# Petra Schürmann im Alter von 74 Jahren gestorben



## Tokko (14 Jan. 2010)

* Petra Schürmann: Moderatorin im Alter von 74 Jahren gestorben*







Petra Schürmann ist tot. Die ehemalige Moderatorin und „Miss World“ verstarb in der Nacht zum Donnerstag im Alter von 74 Jahren in ihrem Haus am Starnberger See.


Nach schweren privaten Schicksalsschlägen und langer Krankheit ist die frühere Fernsehmoderatorin Petra Schürmann im Alter von 74 Jahren gestorben. Sie sei in der Nacht zum Donnerstag in ihrem Haus am Starnberger See eingeschlafen, sagte ein Sprecher des Bayerischen Rundfunks. Schürmann war eine der bundesweit bekanntesten Moderatorinnen und hatte bei ARD und ZDF große Gala-Shows und zahlreiche andere Sendungen präsentiert. 

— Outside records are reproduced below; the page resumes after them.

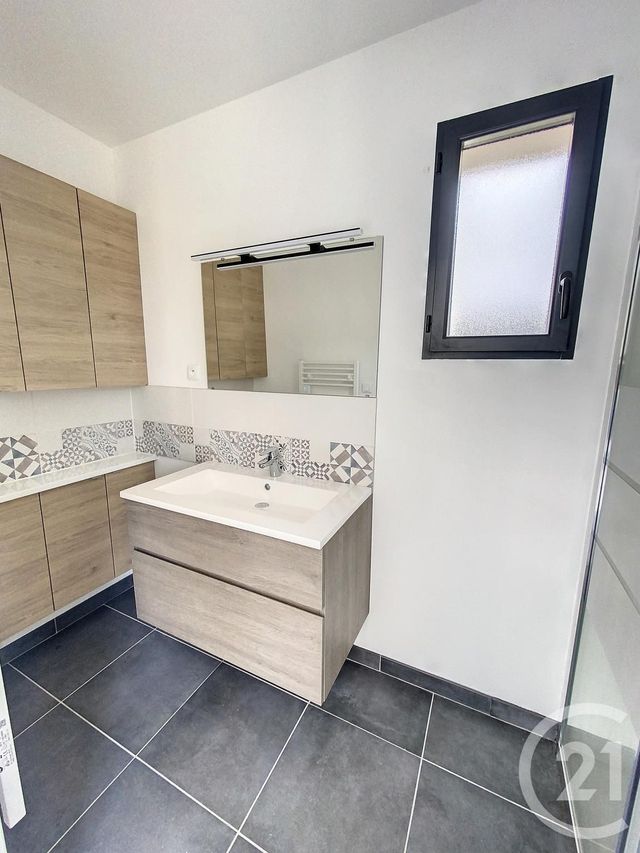 Maison &agrave; louer - 7 pi&egrave;ces - 129,26 m2 - La Vaupaliere - 76 - HAUTE-NORMANDIE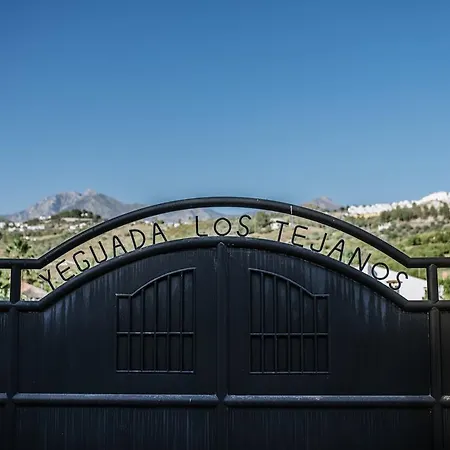 La Perla De Deluxe Bed & Breakfast 4*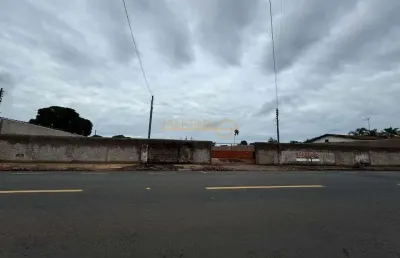 Terreno à venda na Praça Gaioso Neves, Goiás, Araguari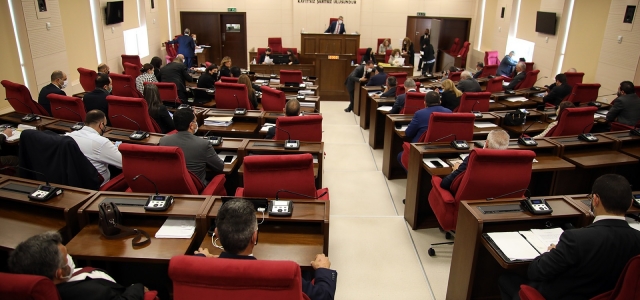 Meclis Genel Kurulu toplantıları ertelendi
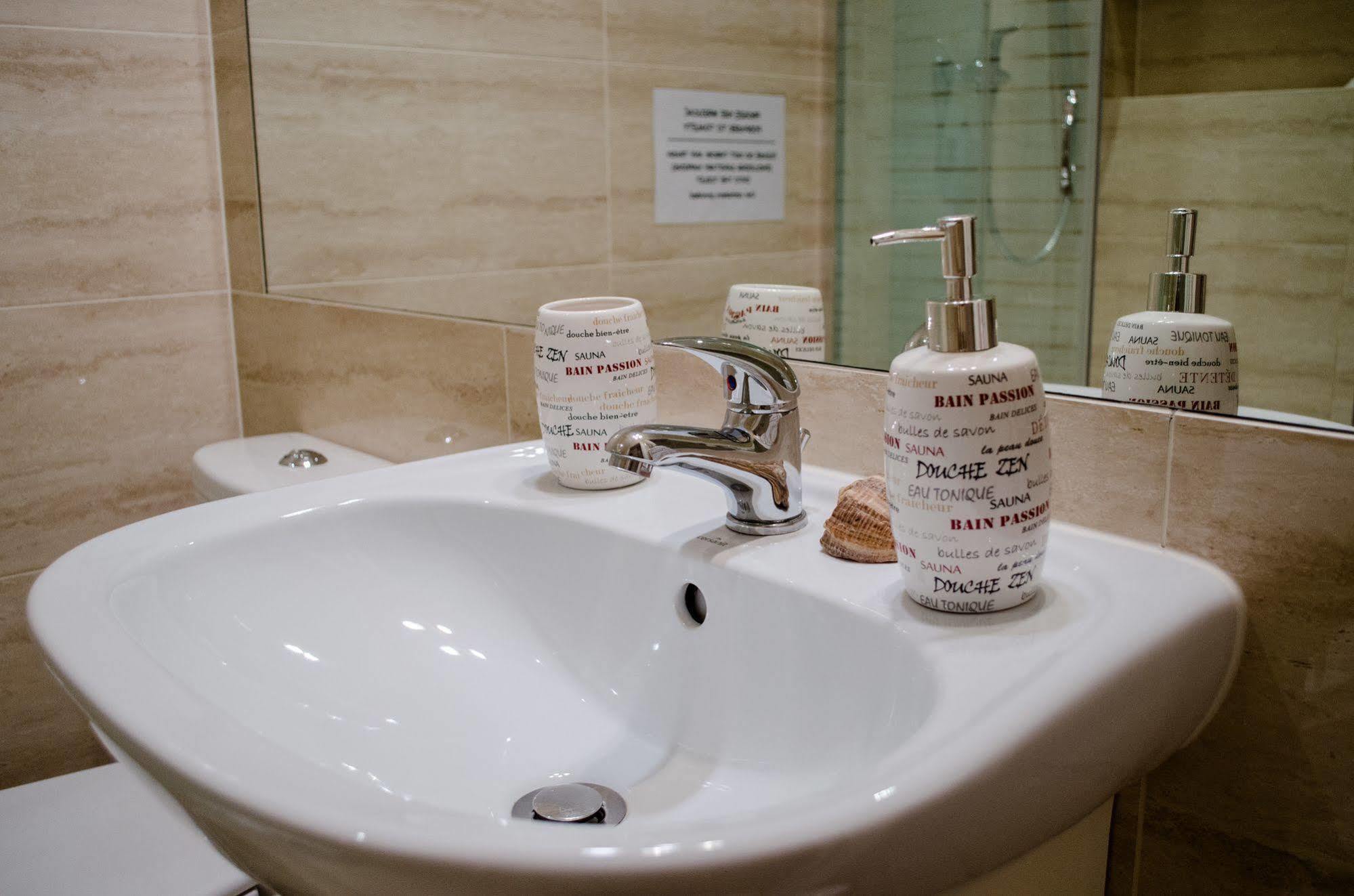 Royal Route 29 Comfort Rooms Krakov Exteriér fotografie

Ihre Freundin, Prinzessin Ursula von Bayern, sei in der Todesnacht an ihrer Seite gewesen, berichtete die „Abendzeitung“ unter Berufung auf Schürmanns Umfeld. In den vergangenen Jahren trafen die Moderatorin zwei schwere private Schicksalsschläge, von denen sie sich nie mehr ganz erholte: Kurz vor ihrer Hochzeit starb 2001 Schürmanns einzige Tochter Alexandra im Alter von 34 Jahren, als ein Geisterfahrer in ihren Wagen raste. In den folgenden Jahren litt Schürmann unter anderem an Depressionen und einer Sprechblockade.

Im August 2008 starb ihr 83 Jahre alter Ehemann Gerhard Freund, mit dem sie 35 Jahre lang verheiratet, an Krebs. Zuletzt lebte Schürmann weitgehend zurückgezogen und pflegebedürftig in ihrem Haus am Starnberger See und ging nach Angaben aus ihrem Umfeld kaum mehr aus dem Haus.

*Intelligenz und blendendes Aussehen brachten Erfolg *


Freunde und Kollegen würdigten die Moderatorin als offen und hilfsbereit. Schürmanns hohe Bildung und Intelligenz hätten sie für die unterschiedlichsten Fernsehformate, vom Talk bis zur großen Show, als Moderatorin prädestiniert, sagte BR-Unterhaltungschef Thomas Jansing. „Ihr Auftreten war frei von Allüren und dem Nimbus, ein Star zu sein. Das hatte sie nicht nötig. Sie war´s.“

Als Tochter eines Kabelwerkdirektors wurde Schürmann am 15. September 1935 in Mönchengladbach geboren. Den Durchbruch brachte ihr 1956 die Wahl zur „Miss World“. Ihr Philosophie-Studium schloss sie nicht ab, sondern arbeitete ab Mitte der 60er Jahre beim Bayerischen Rundfunk. Dort avancierte sie von der Ansagerin zur Moderatorin.
Allein für ARD und ZDF präsentierte Schürmann bis zum Jahr 2000 rund 600 Sendungen. In der ARD moderierte Schürmann unter anderem die Sendung „Schlüsselloch“, in der sie Prominente besuchte. Im ZDF präsentierte sie viele Jahre die Gerichtssendung „Das Verkehrsgericht“ und die Koch-Show „Essen wie Gott in Deutschland“. Auch für die Sendung „Auf geht´s!“ zur Oktoberfest-Eröffnung stand Schürmann vor der Kamera.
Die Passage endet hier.